By Ronnie Harui
Oil surged while Asian equities slumped as the growing conflict in the Middle East intensified concerns over petroleum supply disruptions and rising inflation in Asia.
Traffic through the Strait of Hormuz has ground to a virtual halt, as global energy markets reel from their most severe crisis since the 1970s.
"A week-long halt in Hormuz shipping is driving a fast-escalating energy shock, lifting oil and gas prices, boosting the U.S. dollar and global yields, and challenging 2026 consensus trades as stagflation risks rise," OCBC Group Research strategists said in a note.
Front-month West Texas Intermediate crude oil futures jumped 24.5% to $113.20 a barrel and front-month Brent crude oil futures climbed 23.0% to $114.06 a barrel in early Asian trade on Monday.
On the equities front, Japan's Nikkei Stock Average tumbled 7.0%, South Korea's benchmark Kospi index dropped 7.5% and Singapore's FTSE Straits Times Index shed 2.5%.
U.S. stock futures also declined, with eMini Nasdaq 100 futures losing 2.3%, eMini S&P 500 futures shedding 2.0% and eMini Dow futures down 2.2%.
"Wall Street futures are under pressure after crude oil surged at the weekly open, as escalating Middle East tensions drive volatility across global markets," StoneX's Matt Simpson said in commentary. "With oil prices spiking and equities testing key support levels, traders are bracing for further risk-off moves," the senior market analyst added.
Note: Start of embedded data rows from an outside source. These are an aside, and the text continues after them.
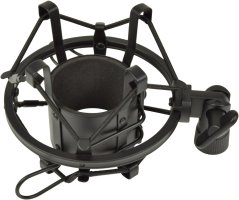 Citronic SMH45, odpružený držiak pre štúdiový mikrofón, 45 mm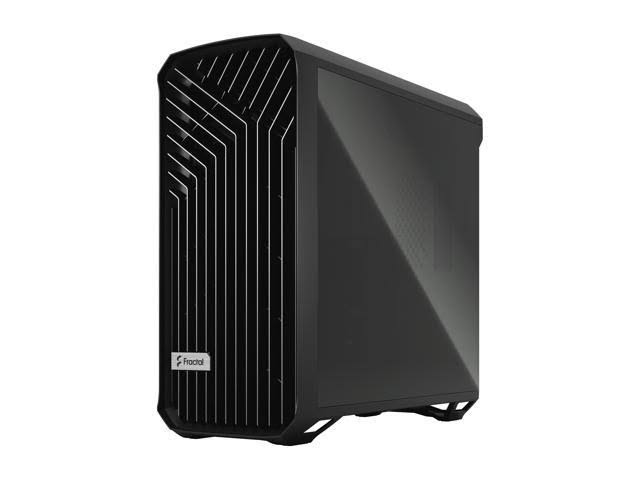 Black ATX Mid Tower Computer Case X654588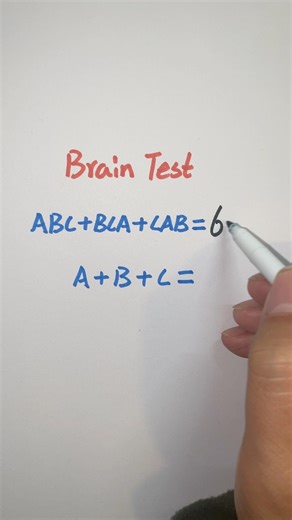 35K views · 60 reactions | Math puzzle | math quiz | challenge your brain #mathpuzzle #mathquiz #reels | Math Puzzle | Facebook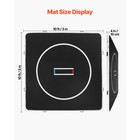 Uimoso 10x10 Ft Inflatable Mat For Wrestling  Martial Arts  Gymnastics  And Mma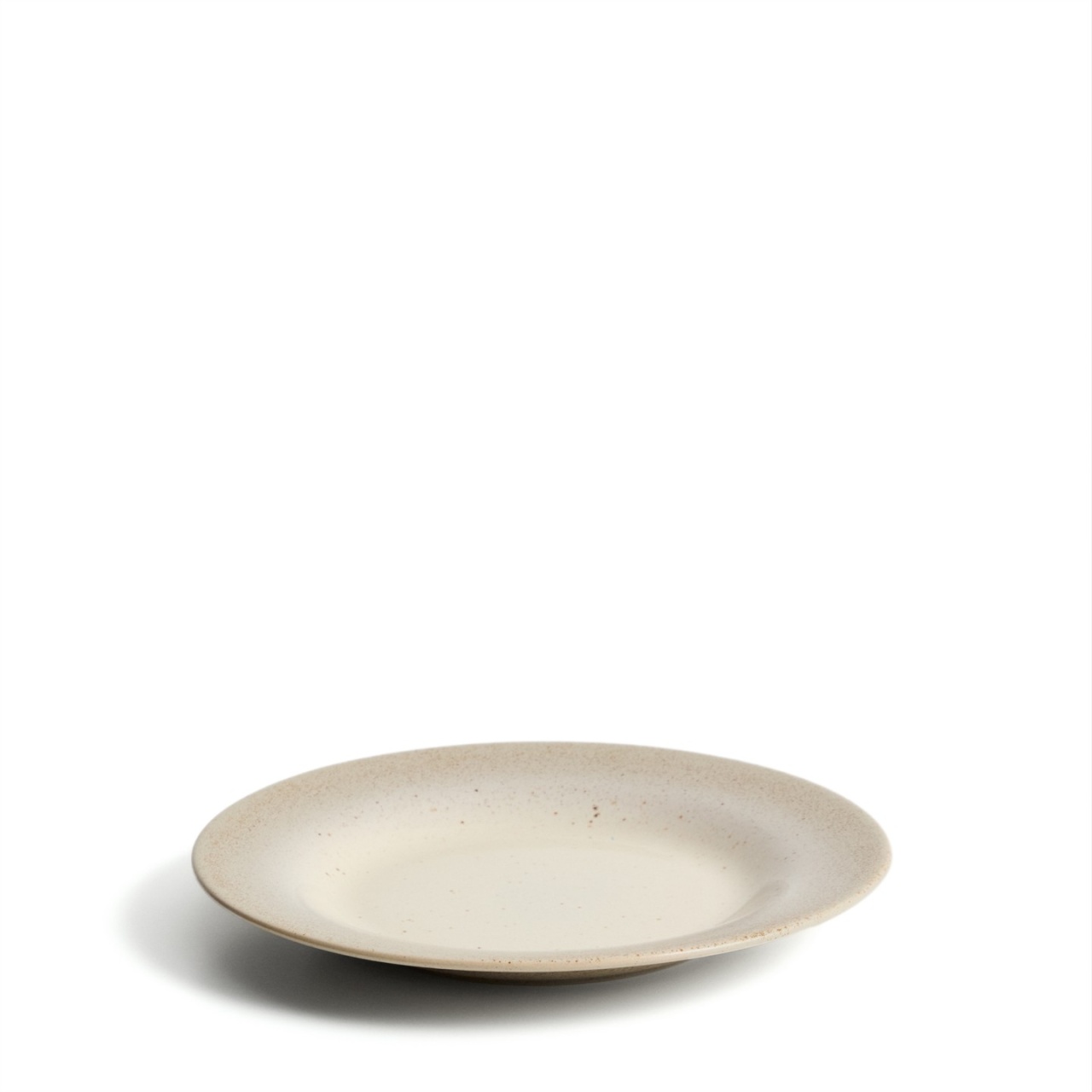 Plates Farfurie pentru desert bej din ceramica 23 cm Sarel Kave Home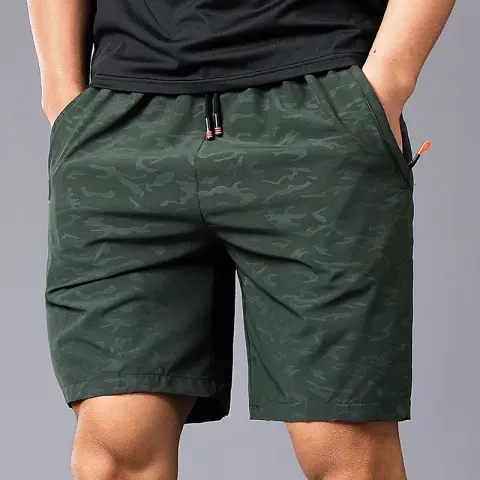 Quick-drying Shorts Men's Summer Thin Loose Plus Size Fat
The greenback strengthened against most other currencies on Monday. The U.S. Dollar Index rose 0.6% to 99.552.
Dollar strength also reduced the appeal of dollar-denominated assets such as gold for holders of non-dollar currencies. Spot gold fell 1.5% to $5,092.58 a troy ounce and spot silver was 2.1% lower at $82.67 an ounce.
The "U.S. dollar [is] outshining bullion as the preferred safe haven amid the flight to safety sparked by the U.S.-Israeli strike on Iran," said Nikos Tzabouras, senior market analyst at Tradu.com.
If the Strait of Hormuz remains effectively closed for a prolonged period, Asian countries such as the Philippines could be "disproportionately hit," MUFG Bank's Michael Wan said in a research report.
"This time is different in this crisis--it is not just about higher oil prices but a potential looming energy shortage," the senior currency analyst said. The Japanese bank cited three major areas of energy supply shortage stress in this crisis: crude oil, petroleum products, and natural gas and natural gas liquids.
Asian currencies weakened sharply against the greenback. The dollar climbed 0.9% against the Philippine peso to 59.5450 pesos and rose 0.5% versus the Malaysian ringgit to 3.9665 ringgit, FactSet data showed.
Moreover, the rapid rise in oil prices has exacerbated fears of accelerating inflation that could lead to a faster pace of interest-rate increases by central banks across Asia, which have dragged prices of Asian government bonds lower.
Yields on Australia's 10-year sovereign securities climbed 14 basis points to 4.9780%, while those on New Zealand's 10-year government bonds jumped 20 basis points to 3.4380%. Ten-year Japanese government bond yields rose 6.5 basis points to 2.225%. Bond prices move inversely to yields.